- _AIM OF THE EXERCISE_: Set every record down verbatim and omit the pictures.

(Short text fragments from websites)
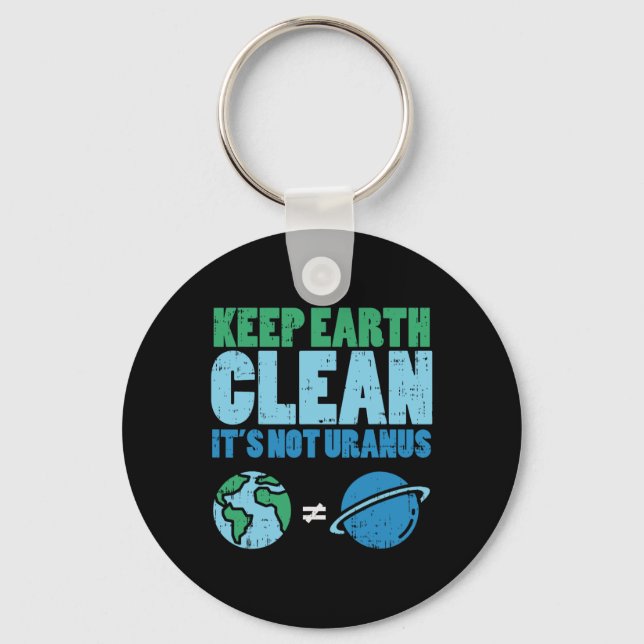Keep The Earth Clean Its Not Uranus Shirt Funny Ea Key Ring (Front)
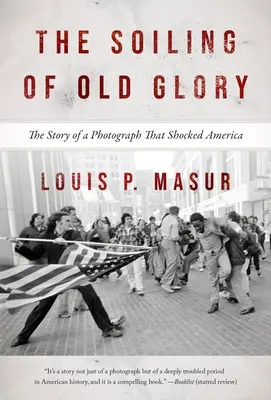 A régi dicsőség beszennyeződése: Egy fénykép története, amely sokkolta Amerikát - The Soiling of Old Glory: The Story of a Photograph That Shocked America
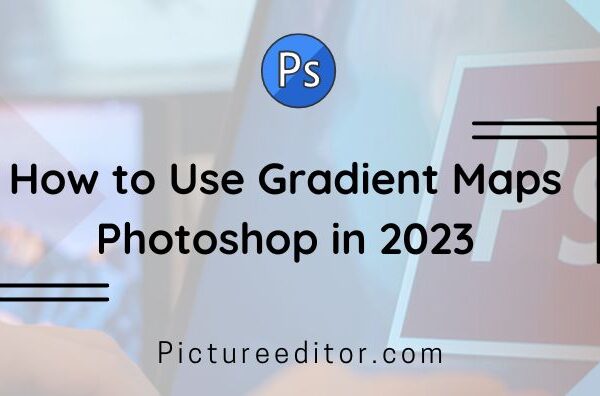 How To Use Gradient Maps Photoshop In 2023 600x396 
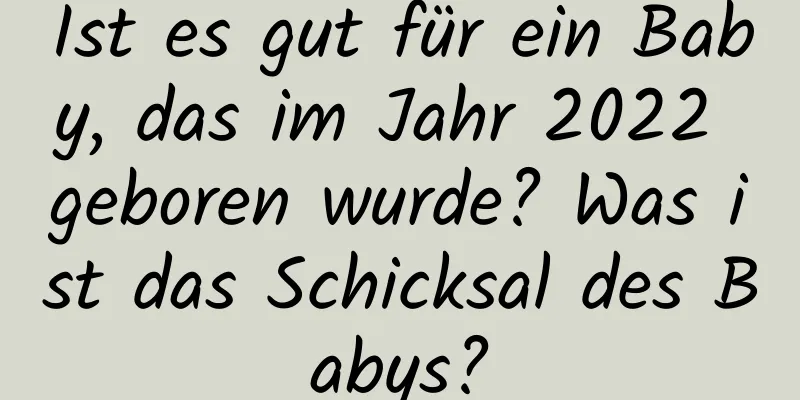 Ist es gut für ein Baby, das im Jahr 2022 geboren wurde? Was ist das Schicksal des Babys?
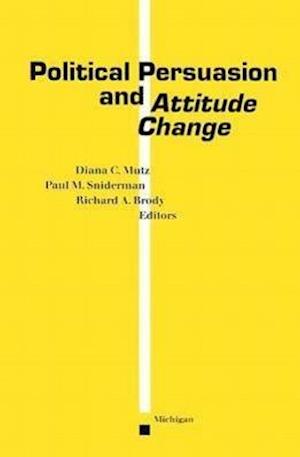 Political Persuasion and Attitude Change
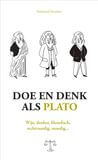 Doe en denk als Plato (e-book)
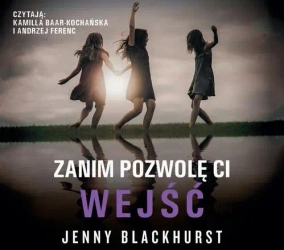 audiobook Zanim pozwolę Ci wejść - Jenny Blackhurst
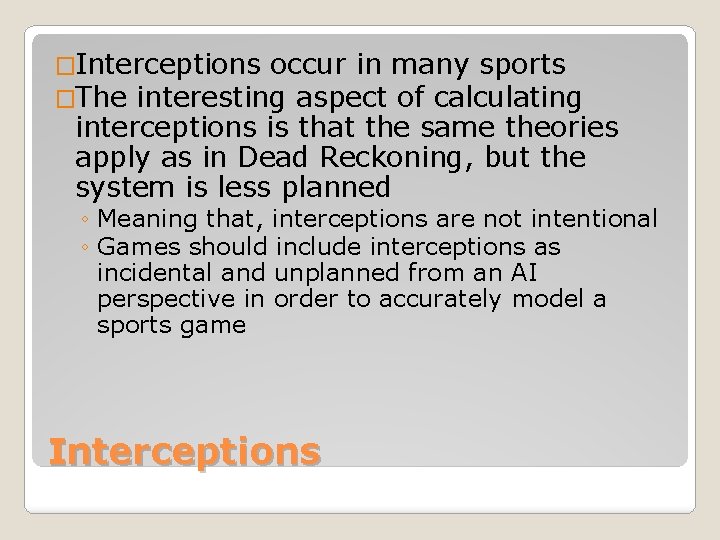 �Interceptions occur in many sports �The interesting aspect of calculating interceptions is that the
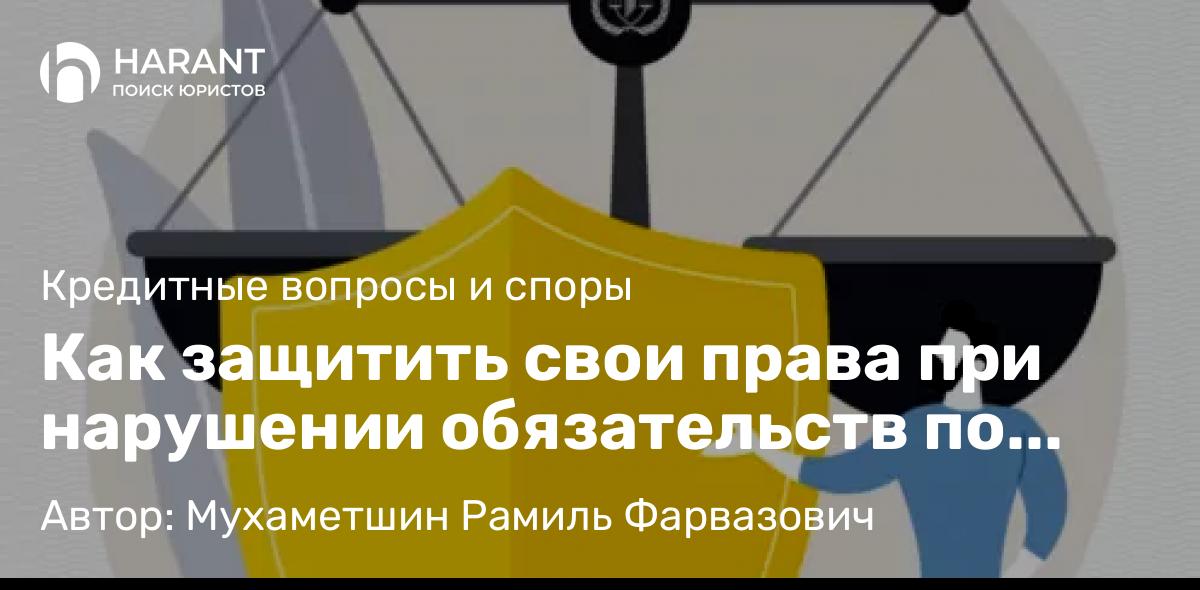 Юрист Мухаметшин Рамиль Фарвазович объясняет: Как защитить свои права при нарушении обязательств по кредитному договору?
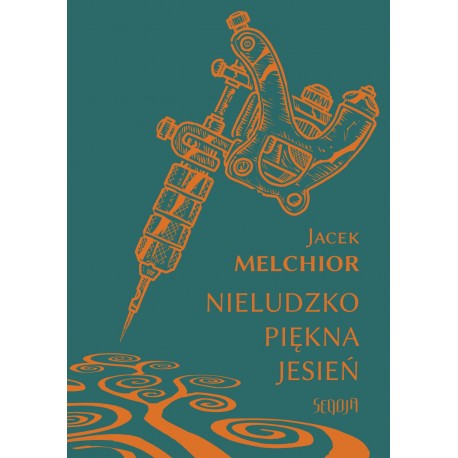 Nieludzko piękna jesień Jacek Melchior motyleksiazkowe.pl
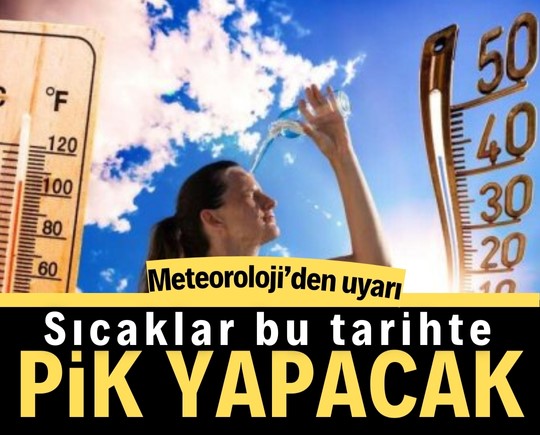 Meteoroloji’den uyarı: Sıcaklar bu tarihte pik yapacak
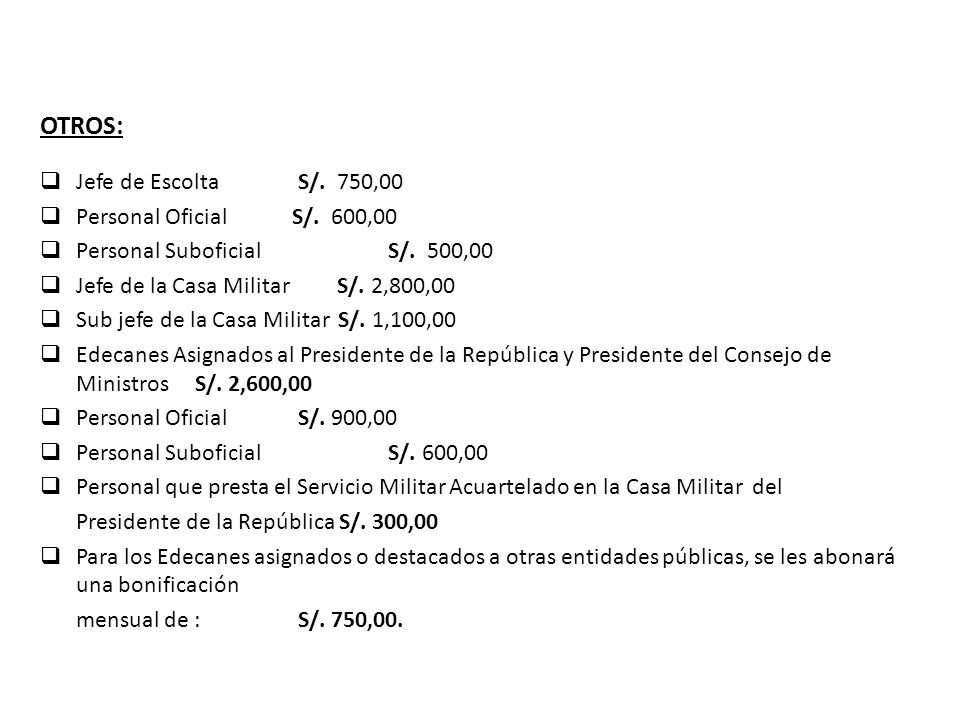 OTROS: Jefe de Escolta S/. 750,00 Personal Oficial S/. 600,00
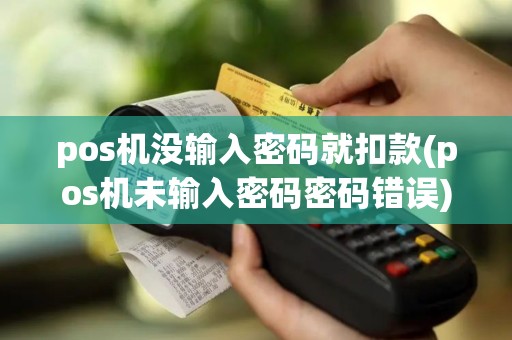 pos机没输入密码就扣款(pos机未输入密码密码错误)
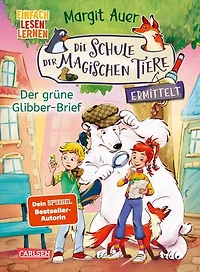 Die Schule der magischen Tiere ermittelt Neuausgabe 1: Der grüne Glibber-Brief: Einfach lesen lernen | Detektivgeschichte für Erstleser*innen ab 6 Jahre - 2. Lesestufe
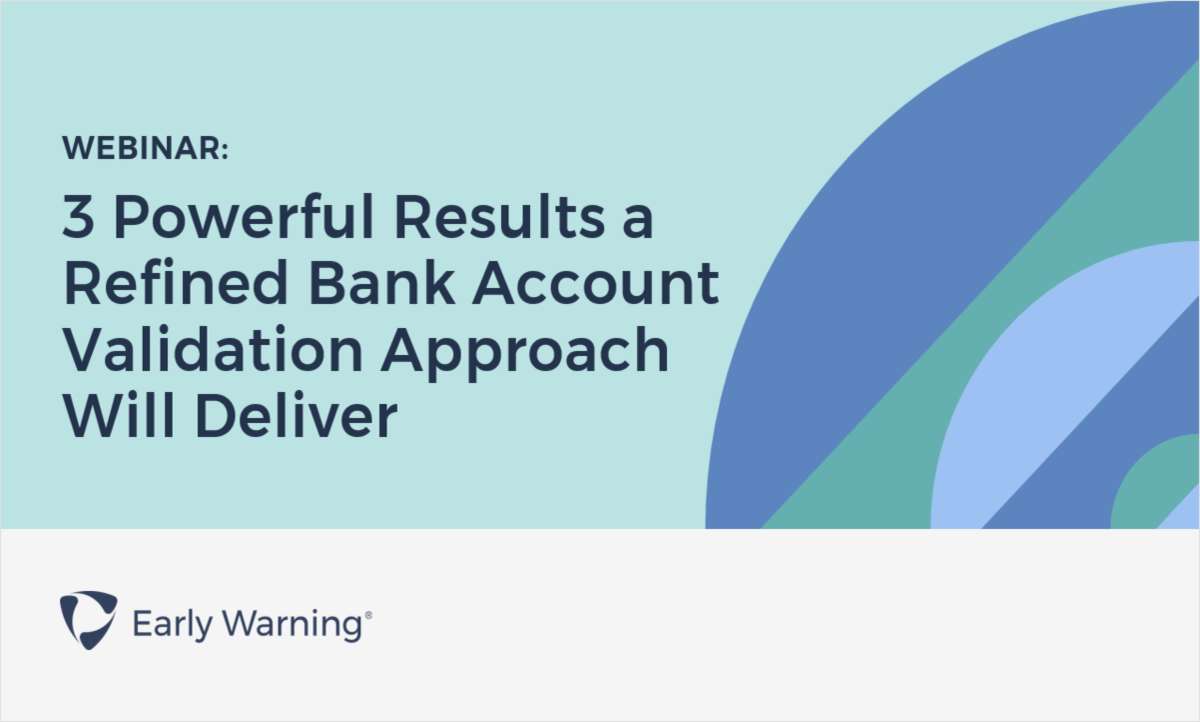 Webinar: 3 Powerful Results a Refined Bank Account Validation Approach Will Deliver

- _WRITTEN SOLUTION_:
Keep The Earth Clean Its Not Uranus Shirt Funny Ea Key Ring (Front)
 A régi dicsőség beszennyeződése: Egy fénykép története, amely sokkolta Amerikát - The Soiling of Old Glory: The Story of a Photograph That Shocked America
 How To Use Gradient Maps Photoshop In 2023 600x396 
 Ist es gut für ein Baby, das im Jahr 2022 geboren wurde? Was ist das Schicksal des Babys?
 Political Persuasion and Attitude Change
 Doe en denk als Plato (e-book)
 audiobook Zanim pozwolę Ci wejść - Jenny Blackhurst
 �Interceptions occur in many sports �The interesting aspect of calculating interceptions is that the
 Юрист Мухаметшин Рамиль Фарвазович объясняет: Как защитить свои права при нарушении обязательств по кредитному договору?
 Nieludzko piękna jesień Jacek Melchior motyleksiazkowe.pl
 Meteoroloji’den uyarı: Sıcaklar bu tarihte pik yapacak
 OTROS: Jefe de Escolta S/. 750,00 Personal Oficial S/. 600,00
 pos机没输入密码就扣款(pos机未输入密码密码错误)
 Die Schule der magischen Tiere ermittelt Neuausgabe 1: Der grüne Glibber-Brief: Einfach lesen lernen | Detektivgeschichte für Erstleser*innen ab 6 Jahre - 2. Lesestufe
 Webinar: 3 Powerful Results a Refined Bank Account Validation Approach Will Deliver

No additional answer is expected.